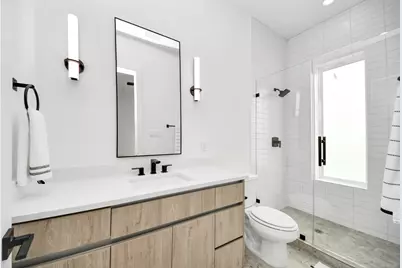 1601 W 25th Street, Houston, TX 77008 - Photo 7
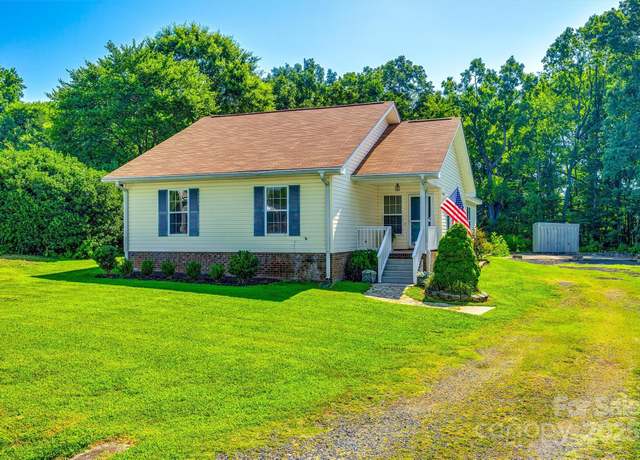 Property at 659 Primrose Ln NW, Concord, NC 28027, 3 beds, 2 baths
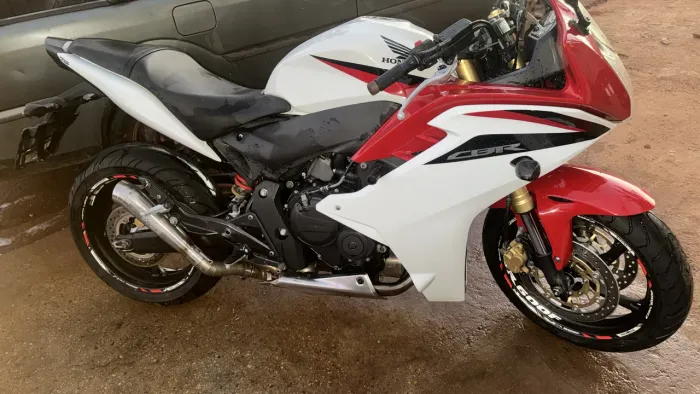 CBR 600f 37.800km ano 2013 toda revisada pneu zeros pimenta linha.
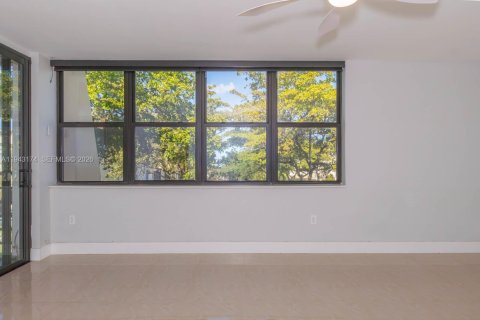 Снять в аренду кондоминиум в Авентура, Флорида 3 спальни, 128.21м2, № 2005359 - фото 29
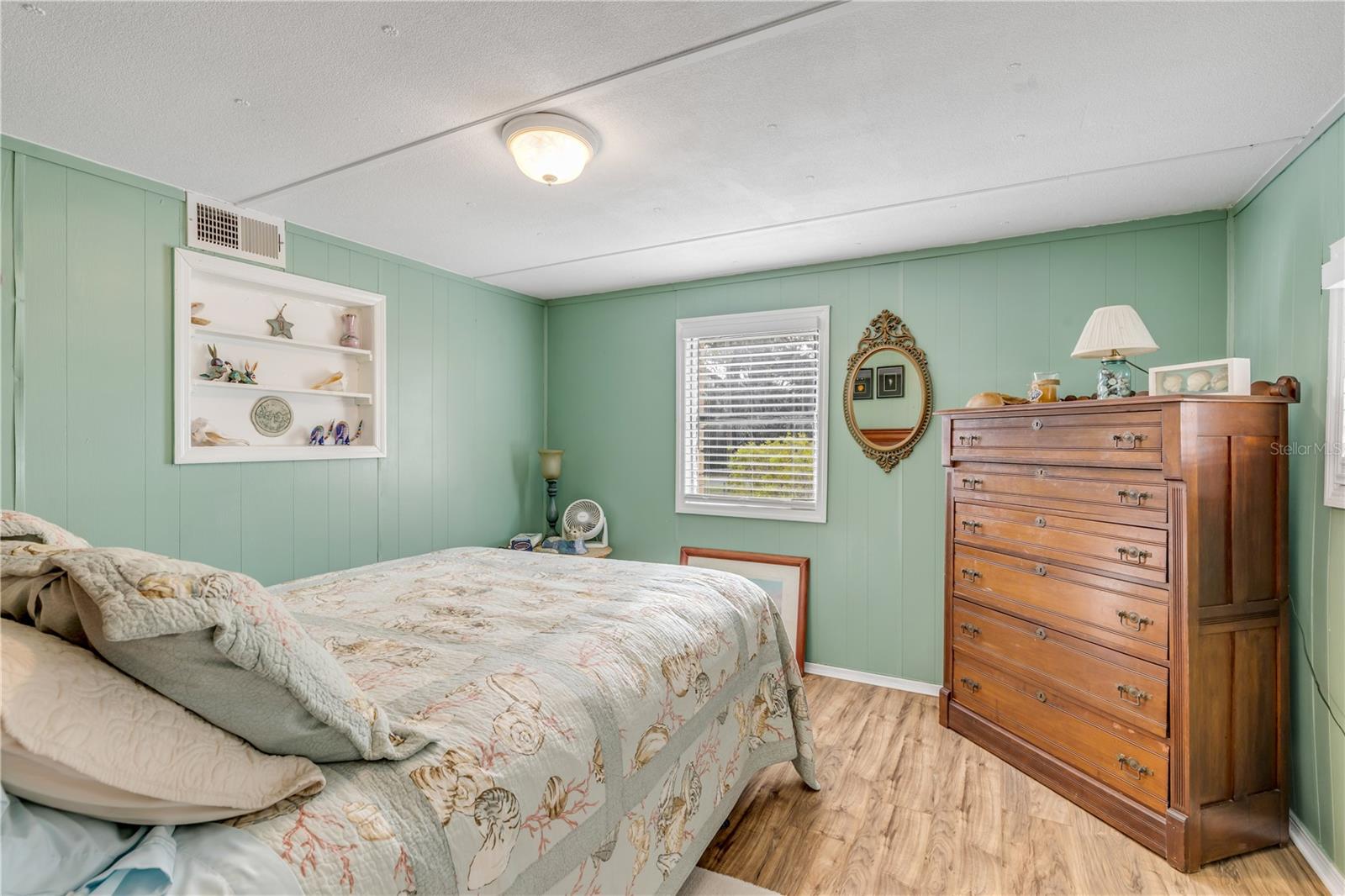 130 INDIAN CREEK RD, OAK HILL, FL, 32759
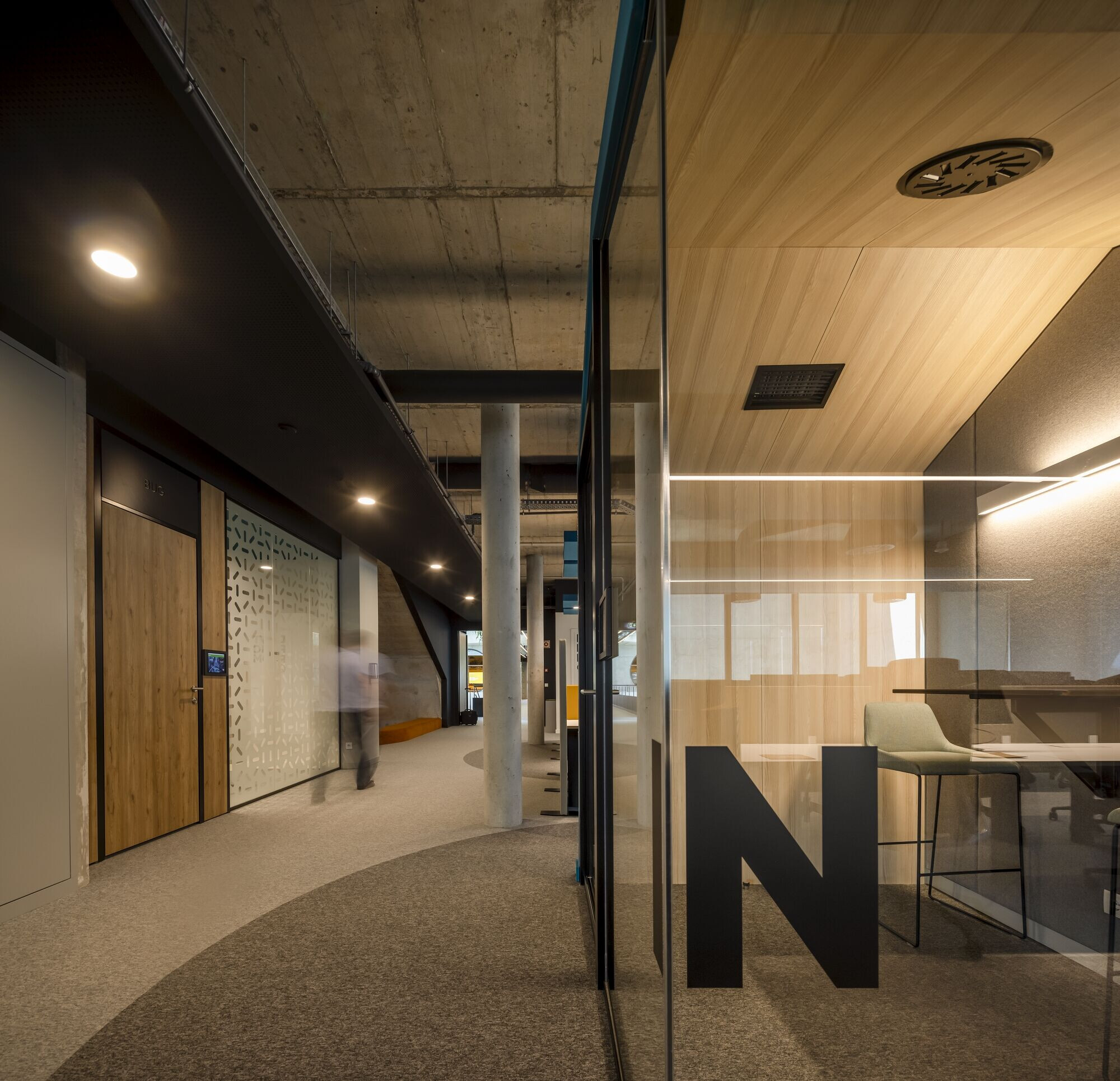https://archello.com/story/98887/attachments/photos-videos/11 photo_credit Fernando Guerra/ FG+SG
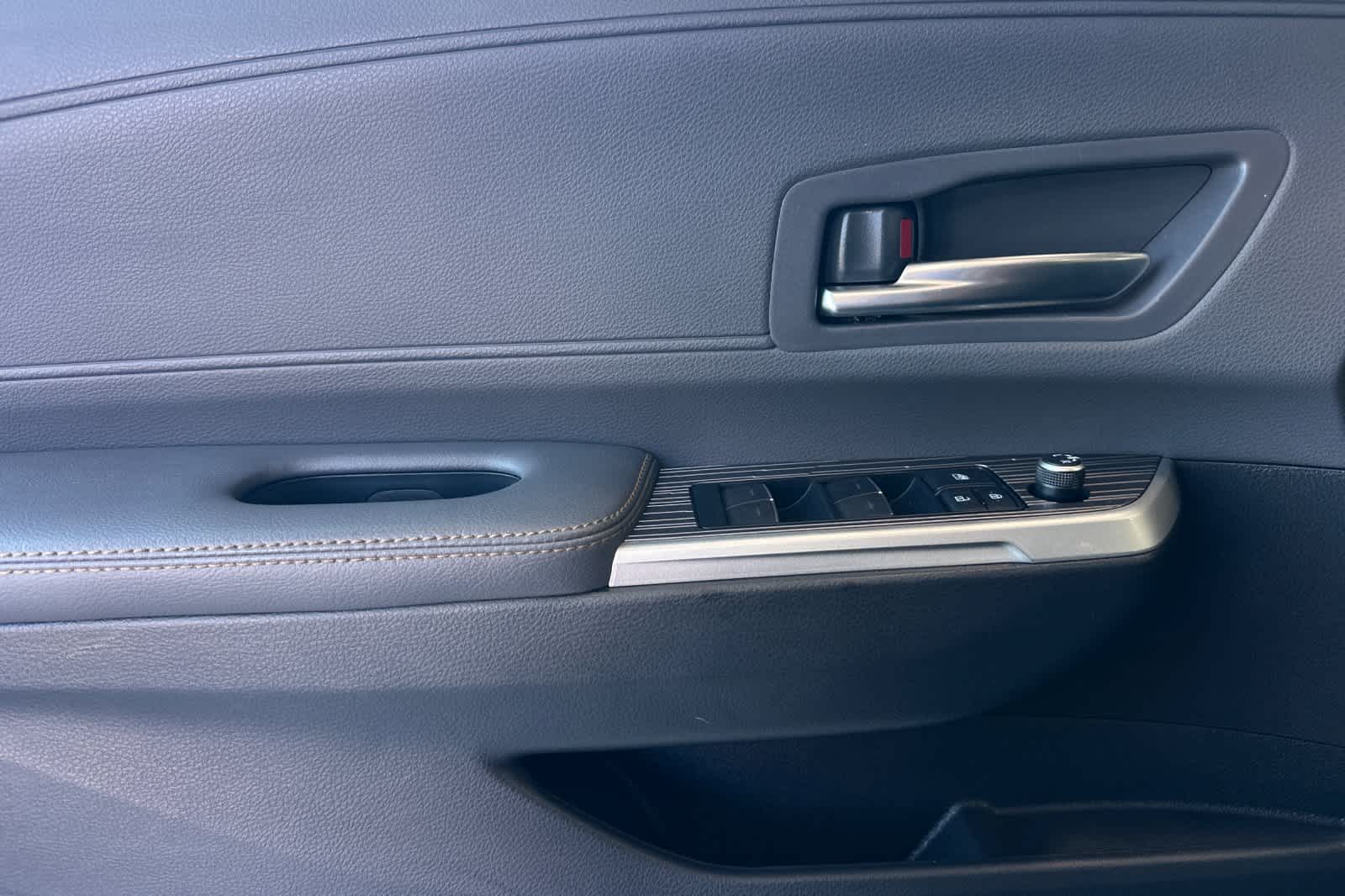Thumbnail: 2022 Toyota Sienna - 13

===

» Problem statement: Without any pictures, write out the lines running from the one containing "Property at 659" through the end of the listing above, both included, exactly as given.

» Task output:
 Property at 659 Primrose Ln NW, Concord, NC 28027, 3 beds, 2 baths
 CBR 600f 37.800km ano 2013 toda revisada pneu zeros pimenta linha.
 Снять в аренду кондоминиум в Авентура, Флорида 3 спальни, 128.21м2, № 2005359 - фото 29
 130 INDIAN CREEK RD, OAK HILL, FL, 32759
https://archello.com/story/98887/attachments/photos-videos/11 photo_credit Fernando Guerra/ FG+SG
Thumbnail: 2022 Toyota Sienna - 13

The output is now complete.